You've probably heard the term fish tape, but what in the world is it? Actually, it's an ingeniously simple tool that electricians use to pull wire through electrical conduit. A fish tape is long, thin, flat steel wire wound up inside a donut-shaped wheel with a sturdy handle. That explains part of the name, but what about the fish part? The "fish part comes from the fact that it's nearly impossible to push a wire through conduit. You must first "fish" the tape through the conduit. At the other end, usually at an electrical box, you attach the wires to the fish tape in order to pull them through the conduit. Conduit is metal or plastic pipe similar to plumbing pipe but used only for protecting electrical wiring.
How to Use
Fish tapes often come in 50' and 100' lengths. To pull the tape out of the wheel, you press a button or pull a lever on or near the handle. This releases the tape and allows you to simply pull it out of the wheel. You then feed the tape into the conduit as you unwind it from the wheel. When the tape emerges from the other end of the conduit, a helper attaches wires to the end of the tape, which has a hook-like eye, then you pull the tape back through the conduit with the wires in tow. To wind the fish tape back in, grip the center of the wheel with one hand and turn the handle with the other. This winds up the tape into the wheel.
To attach multiple wires to a fish tape, strip the outer insulation from the wires and wrap the bare wires through the eye on the end of the fish tape. Twist a strand around all of the wires attached and wrap the whole head of the wire connection with electrical tape. Adding wire pulling lubricant makes the pull much easier. When a job calls for large wire in conduit, electricians may use a fish tape to pull in a rope, then use the rope for the wire pull. Although the steel wire is both stout and flexible, it's not a good idea to pull an excessively heavy load with this tool.
If you're the one standing at the box to feed the wire, pull all of the wires evenly from their spools as you feed the wires into the conduit. Also, try to keep the wires untangled as you feed them. Lubricate the wires and feed them into the pipe with one hand, and use the other hand to pull the wires off of the spools.
If you're the person actually doing the pulling on the other end, pull the wires in 2- to 3-foot intervals. Stop, count to four, and then pull again. Check with the person feeding to see if this is a good pace for them. Pulling too fast can nick the wires and catch your helper's fingers into the box. Leave enough time between pulls so that the person feeding has time to lubricate the wire and pull enough off of the spools to feed into the conduit.

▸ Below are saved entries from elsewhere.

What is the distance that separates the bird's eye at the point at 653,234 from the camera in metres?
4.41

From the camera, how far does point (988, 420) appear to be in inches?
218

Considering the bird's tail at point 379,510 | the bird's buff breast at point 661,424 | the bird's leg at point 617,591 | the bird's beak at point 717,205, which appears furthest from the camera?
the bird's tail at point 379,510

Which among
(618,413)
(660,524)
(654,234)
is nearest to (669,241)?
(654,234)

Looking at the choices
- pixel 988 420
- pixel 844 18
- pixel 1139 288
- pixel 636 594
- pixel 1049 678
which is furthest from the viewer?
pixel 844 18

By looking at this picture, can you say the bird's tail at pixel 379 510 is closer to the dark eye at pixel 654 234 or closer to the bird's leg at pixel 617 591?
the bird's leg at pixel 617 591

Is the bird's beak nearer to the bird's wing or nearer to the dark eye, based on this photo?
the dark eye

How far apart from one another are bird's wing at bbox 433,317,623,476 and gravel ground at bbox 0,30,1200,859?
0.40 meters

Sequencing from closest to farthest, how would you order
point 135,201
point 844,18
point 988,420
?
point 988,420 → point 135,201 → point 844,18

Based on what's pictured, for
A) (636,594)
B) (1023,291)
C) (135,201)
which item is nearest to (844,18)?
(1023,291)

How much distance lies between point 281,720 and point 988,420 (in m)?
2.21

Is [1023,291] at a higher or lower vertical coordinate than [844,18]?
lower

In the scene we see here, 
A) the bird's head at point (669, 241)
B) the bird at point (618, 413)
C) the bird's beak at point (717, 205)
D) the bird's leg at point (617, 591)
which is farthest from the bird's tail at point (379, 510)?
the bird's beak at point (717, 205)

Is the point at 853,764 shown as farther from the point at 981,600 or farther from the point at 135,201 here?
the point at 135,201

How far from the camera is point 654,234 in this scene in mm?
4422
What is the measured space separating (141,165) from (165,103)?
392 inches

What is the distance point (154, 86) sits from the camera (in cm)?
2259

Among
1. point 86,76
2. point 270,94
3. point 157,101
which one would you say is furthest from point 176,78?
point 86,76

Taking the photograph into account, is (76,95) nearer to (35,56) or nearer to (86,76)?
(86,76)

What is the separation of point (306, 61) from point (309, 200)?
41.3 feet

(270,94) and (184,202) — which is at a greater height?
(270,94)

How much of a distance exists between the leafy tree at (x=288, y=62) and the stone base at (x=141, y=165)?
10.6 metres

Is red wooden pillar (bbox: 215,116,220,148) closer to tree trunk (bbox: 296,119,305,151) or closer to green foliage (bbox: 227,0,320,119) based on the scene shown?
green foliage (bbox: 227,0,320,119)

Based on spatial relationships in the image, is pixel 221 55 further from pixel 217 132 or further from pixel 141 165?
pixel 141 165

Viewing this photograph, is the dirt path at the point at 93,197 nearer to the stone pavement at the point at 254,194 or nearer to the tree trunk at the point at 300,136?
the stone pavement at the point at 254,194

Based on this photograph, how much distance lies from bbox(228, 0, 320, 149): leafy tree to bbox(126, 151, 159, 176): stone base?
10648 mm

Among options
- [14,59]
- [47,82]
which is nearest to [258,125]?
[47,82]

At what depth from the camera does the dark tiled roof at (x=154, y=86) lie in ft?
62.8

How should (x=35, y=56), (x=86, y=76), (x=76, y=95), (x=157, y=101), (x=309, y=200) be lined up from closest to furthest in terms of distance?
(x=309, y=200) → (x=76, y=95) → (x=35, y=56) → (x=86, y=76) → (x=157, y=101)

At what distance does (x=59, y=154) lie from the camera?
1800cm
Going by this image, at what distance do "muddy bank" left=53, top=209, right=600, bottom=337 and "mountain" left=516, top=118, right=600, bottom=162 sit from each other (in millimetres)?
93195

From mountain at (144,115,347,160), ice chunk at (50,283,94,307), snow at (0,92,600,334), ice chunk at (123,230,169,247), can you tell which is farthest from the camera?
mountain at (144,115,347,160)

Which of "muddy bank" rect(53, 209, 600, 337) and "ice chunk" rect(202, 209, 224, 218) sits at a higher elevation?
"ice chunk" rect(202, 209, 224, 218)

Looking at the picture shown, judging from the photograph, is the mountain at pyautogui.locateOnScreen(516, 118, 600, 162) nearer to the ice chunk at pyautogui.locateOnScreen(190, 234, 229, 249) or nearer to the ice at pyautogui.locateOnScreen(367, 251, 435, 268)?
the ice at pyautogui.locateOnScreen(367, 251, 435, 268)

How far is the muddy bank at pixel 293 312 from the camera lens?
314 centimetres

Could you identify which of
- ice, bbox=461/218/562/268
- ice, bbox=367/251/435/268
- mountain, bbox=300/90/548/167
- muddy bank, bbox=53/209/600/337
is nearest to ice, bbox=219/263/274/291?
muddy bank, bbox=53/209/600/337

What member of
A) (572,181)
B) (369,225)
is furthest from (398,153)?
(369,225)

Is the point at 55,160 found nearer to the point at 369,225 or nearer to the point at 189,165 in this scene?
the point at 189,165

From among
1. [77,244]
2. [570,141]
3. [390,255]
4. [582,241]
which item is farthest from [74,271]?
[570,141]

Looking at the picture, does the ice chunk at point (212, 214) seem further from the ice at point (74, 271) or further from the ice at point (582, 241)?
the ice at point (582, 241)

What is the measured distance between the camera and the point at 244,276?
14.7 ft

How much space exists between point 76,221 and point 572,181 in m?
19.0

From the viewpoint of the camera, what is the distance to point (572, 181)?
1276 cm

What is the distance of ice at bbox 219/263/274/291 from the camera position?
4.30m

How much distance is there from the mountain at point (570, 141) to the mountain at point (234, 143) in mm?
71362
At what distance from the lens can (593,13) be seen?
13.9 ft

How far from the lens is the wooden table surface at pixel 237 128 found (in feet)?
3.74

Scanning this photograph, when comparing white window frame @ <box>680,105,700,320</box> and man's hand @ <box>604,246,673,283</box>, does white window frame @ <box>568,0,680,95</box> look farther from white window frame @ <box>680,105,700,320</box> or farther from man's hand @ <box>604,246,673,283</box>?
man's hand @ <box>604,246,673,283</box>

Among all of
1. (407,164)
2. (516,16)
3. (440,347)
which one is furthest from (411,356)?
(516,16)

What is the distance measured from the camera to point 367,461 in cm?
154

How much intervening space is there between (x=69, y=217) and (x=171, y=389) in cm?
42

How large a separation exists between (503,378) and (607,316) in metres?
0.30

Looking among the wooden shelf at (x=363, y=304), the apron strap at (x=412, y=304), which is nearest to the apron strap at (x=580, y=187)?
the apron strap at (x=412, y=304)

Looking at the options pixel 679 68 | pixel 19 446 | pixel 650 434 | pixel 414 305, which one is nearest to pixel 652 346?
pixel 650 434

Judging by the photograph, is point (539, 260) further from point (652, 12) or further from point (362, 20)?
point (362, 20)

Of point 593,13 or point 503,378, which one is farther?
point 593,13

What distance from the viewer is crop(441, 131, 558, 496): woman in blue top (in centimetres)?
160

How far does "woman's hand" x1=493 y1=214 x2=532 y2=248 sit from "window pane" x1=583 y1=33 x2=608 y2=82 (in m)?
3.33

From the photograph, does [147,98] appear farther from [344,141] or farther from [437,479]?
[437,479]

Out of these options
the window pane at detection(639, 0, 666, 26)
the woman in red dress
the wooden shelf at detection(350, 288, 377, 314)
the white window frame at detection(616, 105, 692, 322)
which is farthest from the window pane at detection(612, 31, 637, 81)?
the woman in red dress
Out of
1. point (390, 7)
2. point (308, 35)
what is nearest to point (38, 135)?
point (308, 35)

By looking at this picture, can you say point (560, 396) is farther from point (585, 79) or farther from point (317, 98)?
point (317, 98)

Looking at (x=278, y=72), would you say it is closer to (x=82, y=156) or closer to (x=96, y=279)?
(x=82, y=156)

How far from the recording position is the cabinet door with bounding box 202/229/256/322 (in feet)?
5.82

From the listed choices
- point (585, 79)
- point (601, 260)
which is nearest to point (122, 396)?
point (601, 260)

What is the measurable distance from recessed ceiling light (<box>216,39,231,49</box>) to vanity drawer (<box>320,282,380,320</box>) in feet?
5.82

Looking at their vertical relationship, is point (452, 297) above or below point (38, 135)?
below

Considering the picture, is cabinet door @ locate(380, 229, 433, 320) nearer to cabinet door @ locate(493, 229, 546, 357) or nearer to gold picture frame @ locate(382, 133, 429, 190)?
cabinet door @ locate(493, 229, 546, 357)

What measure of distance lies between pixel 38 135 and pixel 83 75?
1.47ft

A simple signal to alert each other that you are ready for the next pull is to tap on the conduit with a metal tool.
Don't Fish Alone
You can fish wires through very short runs of the conduit by yourself, but otherwise, it's best to have a helper to guide the wires into the conduit and to apply a wire pulling lubricant periodically to help the wires slide through without damage. Pulling hard on the wires can damage the wire insulation, potentially creating a very dangerous situation; you don't want exposed wiring touching the inside of metal conduit, right?